---------- Data under study ----------

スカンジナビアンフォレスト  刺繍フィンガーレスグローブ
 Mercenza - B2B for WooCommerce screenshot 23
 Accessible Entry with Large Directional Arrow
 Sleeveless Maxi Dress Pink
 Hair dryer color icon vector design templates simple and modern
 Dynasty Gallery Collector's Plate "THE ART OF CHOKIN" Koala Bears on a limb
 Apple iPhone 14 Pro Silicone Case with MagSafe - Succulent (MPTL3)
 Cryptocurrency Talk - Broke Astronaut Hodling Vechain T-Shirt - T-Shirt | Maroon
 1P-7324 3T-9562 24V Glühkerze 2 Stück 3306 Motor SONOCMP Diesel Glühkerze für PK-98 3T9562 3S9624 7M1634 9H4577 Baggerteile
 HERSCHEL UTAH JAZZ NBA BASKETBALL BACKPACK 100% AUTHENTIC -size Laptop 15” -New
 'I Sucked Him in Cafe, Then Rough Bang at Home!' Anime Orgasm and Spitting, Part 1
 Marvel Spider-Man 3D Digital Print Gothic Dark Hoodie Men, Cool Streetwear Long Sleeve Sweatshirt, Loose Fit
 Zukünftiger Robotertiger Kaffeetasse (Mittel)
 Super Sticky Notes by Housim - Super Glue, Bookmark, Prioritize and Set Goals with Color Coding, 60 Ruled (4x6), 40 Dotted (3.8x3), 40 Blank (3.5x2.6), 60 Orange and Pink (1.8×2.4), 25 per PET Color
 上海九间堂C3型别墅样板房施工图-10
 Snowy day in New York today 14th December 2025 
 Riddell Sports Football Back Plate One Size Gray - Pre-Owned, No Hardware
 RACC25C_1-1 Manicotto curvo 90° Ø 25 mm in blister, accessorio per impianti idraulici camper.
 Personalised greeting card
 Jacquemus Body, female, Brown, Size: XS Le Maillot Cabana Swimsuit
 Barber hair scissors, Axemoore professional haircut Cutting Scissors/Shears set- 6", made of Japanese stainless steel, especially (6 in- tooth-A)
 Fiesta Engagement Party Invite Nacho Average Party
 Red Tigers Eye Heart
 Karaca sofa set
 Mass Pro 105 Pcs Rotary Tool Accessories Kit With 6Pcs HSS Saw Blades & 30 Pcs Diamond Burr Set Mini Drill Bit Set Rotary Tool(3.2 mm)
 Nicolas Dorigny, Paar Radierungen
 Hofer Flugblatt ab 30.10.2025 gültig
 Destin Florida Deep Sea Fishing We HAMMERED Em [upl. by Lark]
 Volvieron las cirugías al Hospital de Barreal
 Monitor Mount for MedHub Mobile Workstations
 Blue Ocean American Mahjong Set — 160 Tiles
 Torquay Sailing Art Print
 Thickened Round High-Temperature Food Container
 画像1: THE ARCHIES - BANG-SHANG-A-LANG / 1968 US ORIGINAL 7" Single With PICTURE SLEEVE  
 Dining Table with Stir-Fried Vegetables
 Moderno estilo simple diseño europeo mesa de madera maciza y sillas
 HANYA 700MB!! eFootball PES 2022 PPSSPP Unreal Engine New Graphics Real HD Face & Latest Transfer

----------

Task prompt:
Give back all the records above exactly. Keep every word.

Solution to the problem:
スカンジナビアンフォレスト  刺繍フィンガーレスグローブ
 Mercenza - B2B for WooCommerce screenshot 23
 Accessible Entry with Large Directional Arrow
 Sleeveless Maxi Dress Pink
 Hair dryer color icon vector design templates simple and modern
 Dynasty Gallery Collector's Plate "THE ART OF CHOKIN" Koala Bears on a limb
 Apple iPhone 14 Pro Silicone Case with MagSafe - Succulent (MPTL3)
 Cryptocurrency Talk - Broke Astronaut Hodling Vechain T-Shirt - T-Shirt | Maroon
 1P-7324 3T-9562 24V Glühkerze 2 Stück 3306 Motor SONOCMP Diesel Glühkerze für PK-98 3T9562 3S9624 7M1634 9H4577 Baggerteile
 HERSCHEL UTAH JAZZ NBA BASKETBALL BACKPACK 100% AUTHENTIC -size Laptop 15” -New
 'I Sucked Him in Cafe, Then Rough Bang at Home!' Anime Orgasm and Spitting, Part 1
 Marvel Spider-Man 3D Digital Print Gothic Dark Hoodie Men, Cool Streetwear Long Sleeve Sweatshirt, Loose Fit
 Zukünftiger Robotertiger Kaffeetasse (Mittel)
 Super Sticky Notes by Housim - Super Glue, Bookmark, Prioritize and Set Goals with Color Coding, 60 Ruled (4x6), 40 Dotted (3.8x3), 40 Blank (3.5x2.6), 60 Orange and Pink (1.8×2.4), 25 per PET Color
 上海九间堂C3型别墅样板房施工图-10
 Snowy day in New York today 14th December 2025 
 Riddell Sports Football Back Plate One Size Gray - Pre-Owned, No Hardware
 RACC25C_1-1 Manicotto curvo 90° Ø 25 mm in blister, accessorio per impianti idraulici camper.
 Personalised greeting card
 Jacquemus Body, female, Brown, Size: XS Le Maillot Cabana Swimsuit
 Barber hair scissors, Axemoore professional haircut Cutting Scissors/Shears set- 6", made of Japanese stainless steel, especially (6 in- tooth-A)
 Fiesta Engagement Party Invite Nacho Average Party
 Red Tigers Eye Heart
 Karaca sofa set
 Mass Pro 105 Pcs Rotary Tool Accessories Kit With 6Pcs HSS Saw Blades & 30 Pcs Diamond Burr Set Mini Drill Bit Set Rotary Tool(3.2 mm)
 Nicolas Dorigny, Paar Radierungen
 Hofer Flugblatt ab 30.10.2025 gültig
 Destin Florida Deep Sea Fishing We HAMMERED Em [upl. by Lark]
 Volvieron las cirugías al Hospital de Barreal
 Monitor Mount for MedHub Mobile Workstations
 Blue Ocean American Mahjong Set — 160 Tiles
 Torquay Sailing Art Print
 Thickened Round High-Temperature Food Container
 画像1: THE ARCHIES - BANG-SHANG-A-LANG / 1968 US ORIGINAL 7" Single With PICTURE SLEEVE  
 Dining Table with Stir-Fried Vegetables
 Moderno estilo simple diseño europeo mesa de madera maciza y sillas
 HANYA 700MB!! eFootball PES 2022 PPSSPP Unreal Engine New Graphics Real HD Face & Latest Transfer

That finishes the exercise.